■ **Exercise prompt**
Working through the data below, reproduce word for word the line with "Halcyon Camino Mens" and every line after it, both ends included, and omit the pictures.

■ **Extracted entries**
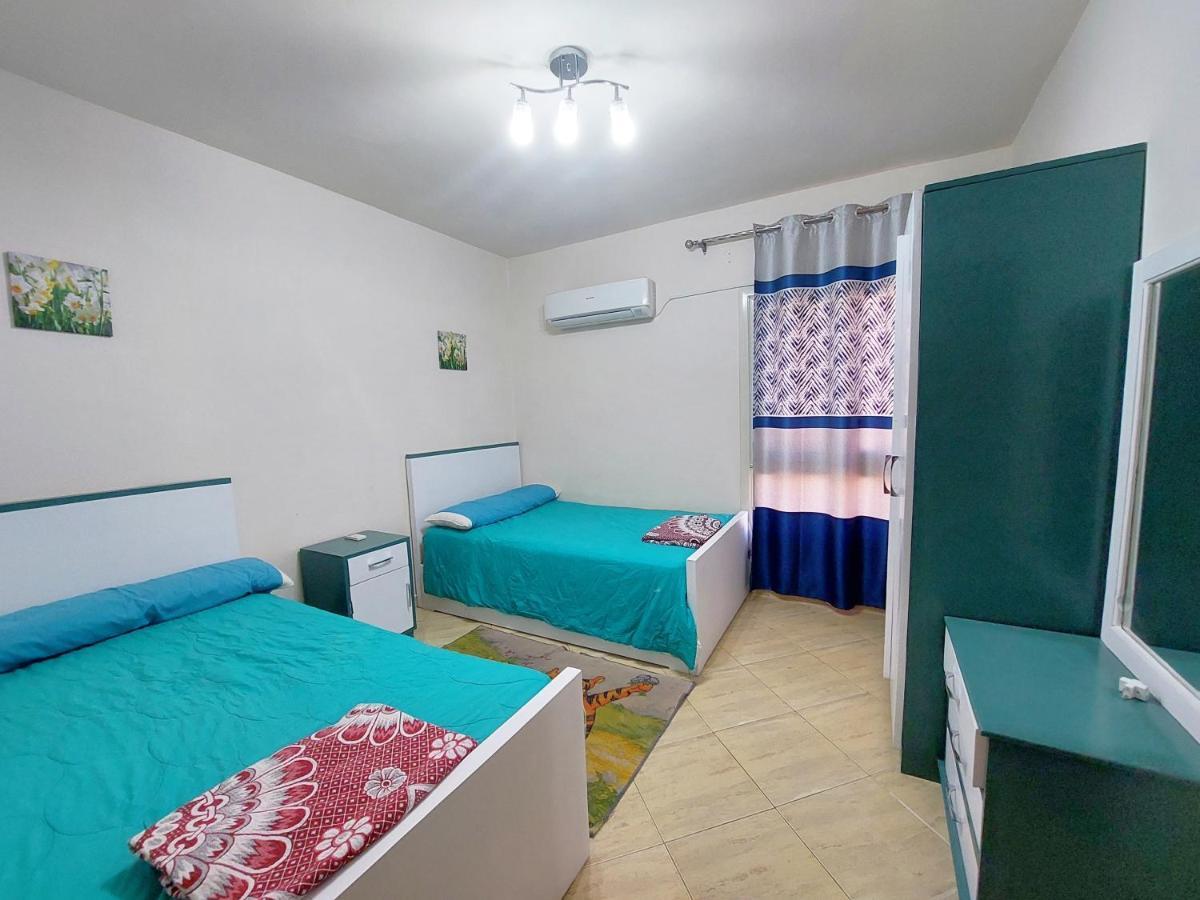Villa Rosana Resort الساحل الشمالى Dawwar al Hajj Ahmad Zewnętrze zdjęcie
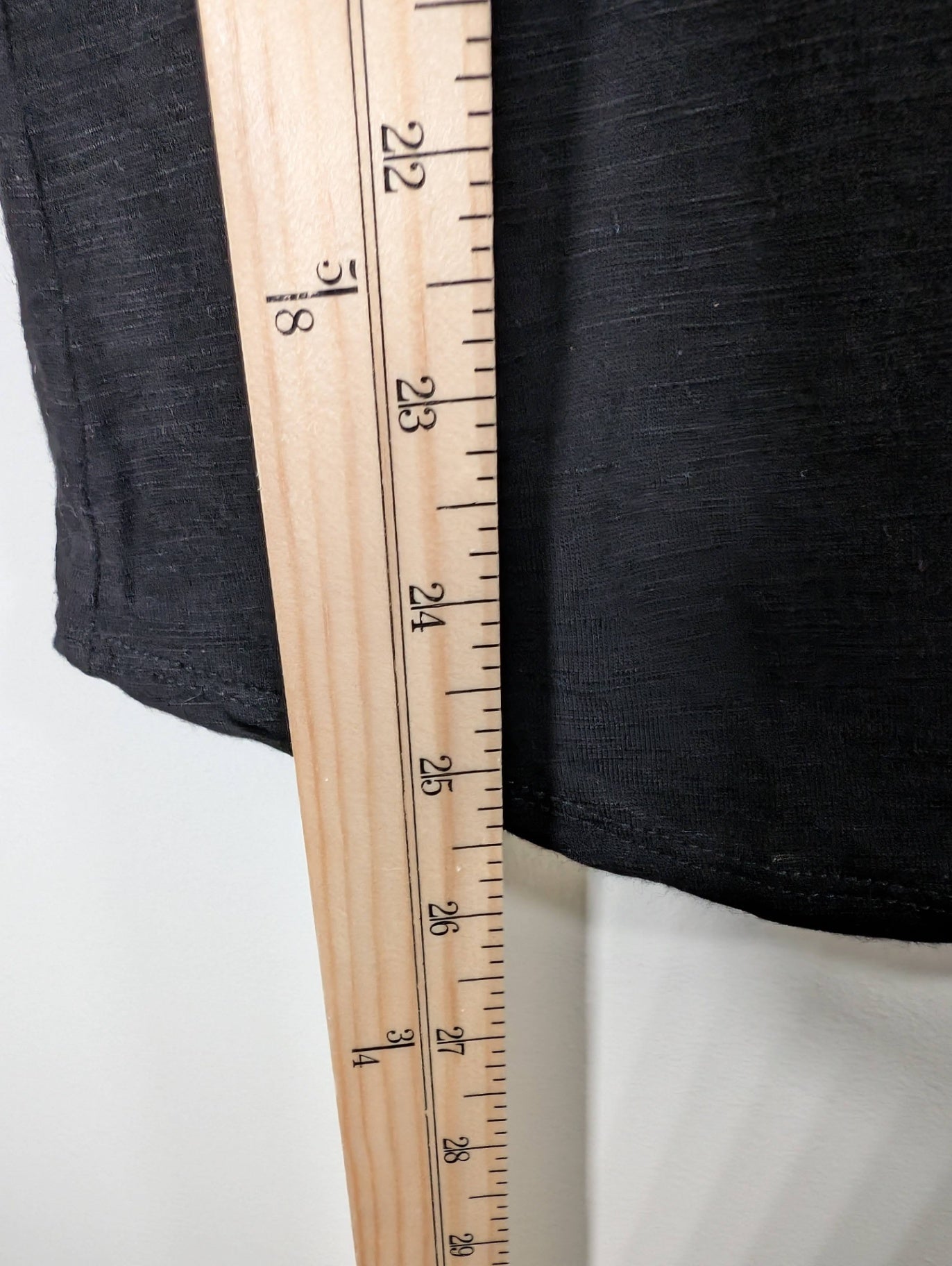 ANTISTAR knit blouse - appears medium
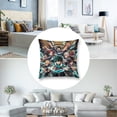 thumbnail image 4 of My Hero Academia Pillow Case Soft Pillow Cover Pillowcase Decorative Cushion Cover Home Decor 22 "x22 ", 4 of 8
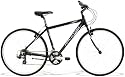Halcyon Camino Mens VT1 Trekking Bike - 17 Inch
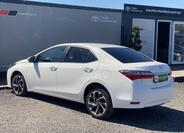 Toyota Corolla 5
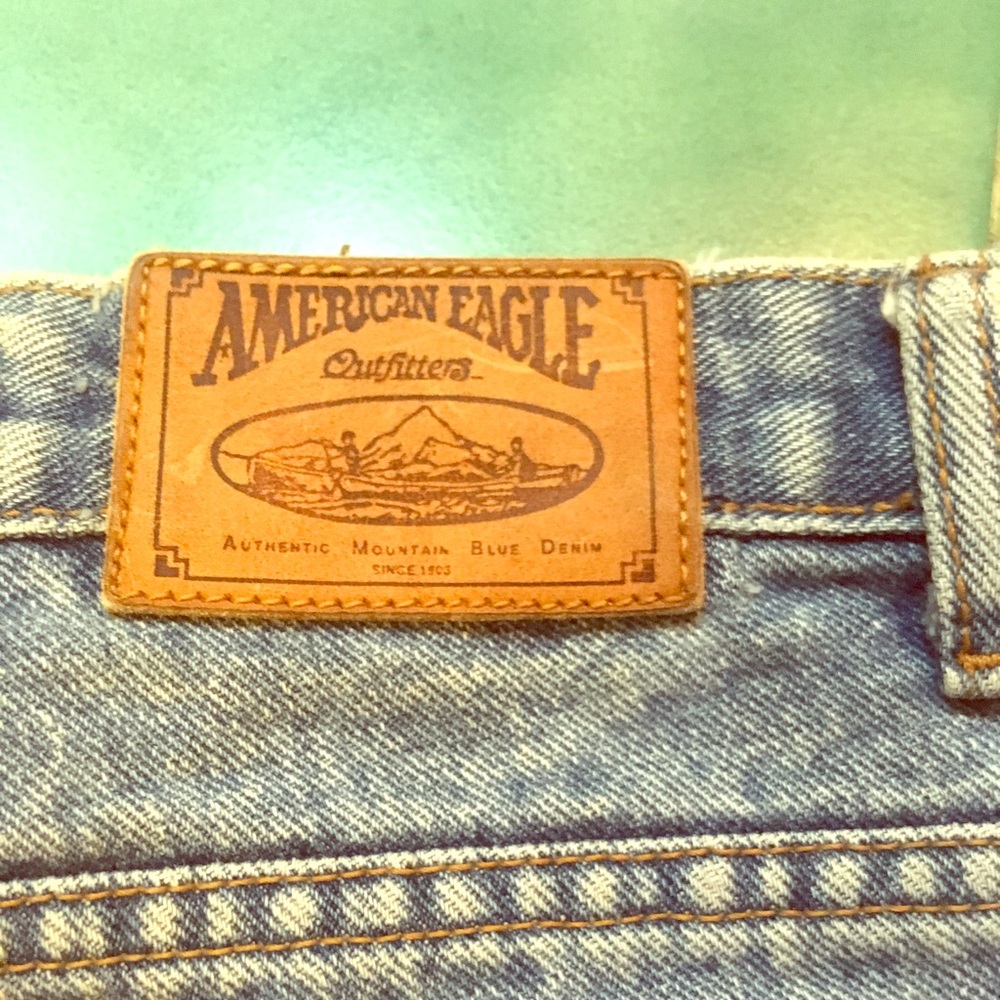 Vintage American Eagle 🦅 Jeans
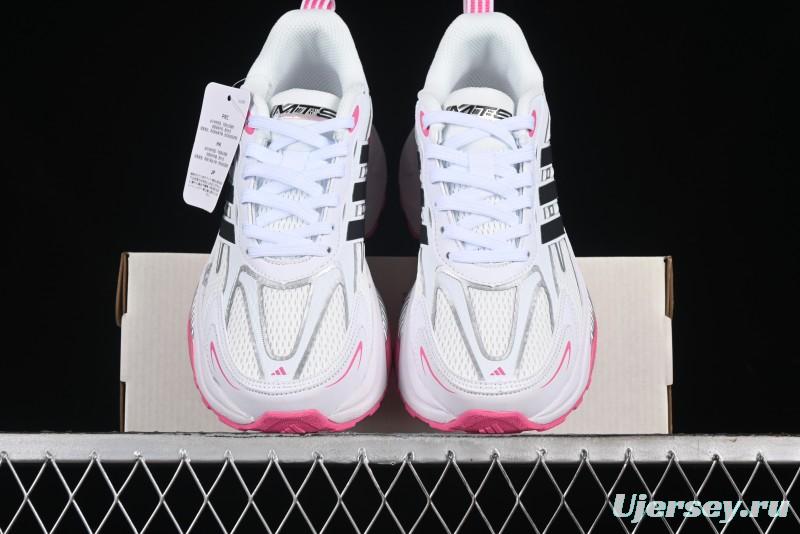 Adidas Originals Mts Pro IH6353 Retro Breathable Cushioned Casual Running Shoes - IH6353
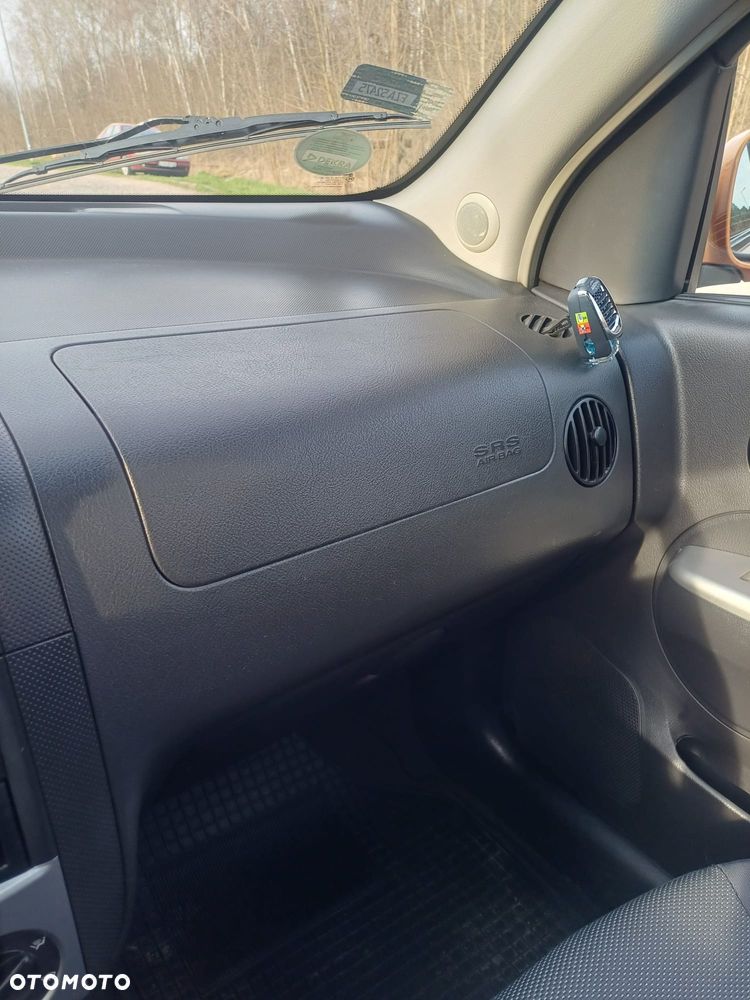Chevrolet Kalos - 21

■ **Solution for this exercise**
Halcyon Camino Mens VT1 Trekking Bike - 17 Inch
 Toyota Corolla 5
 Vintage American Eagle 🦅 Jeans
 Adidas Originals Mts Pro IH6353 Retro Breathable Cushioned Casual Running Shoes - IH6353
Chevrolet Kalos - 21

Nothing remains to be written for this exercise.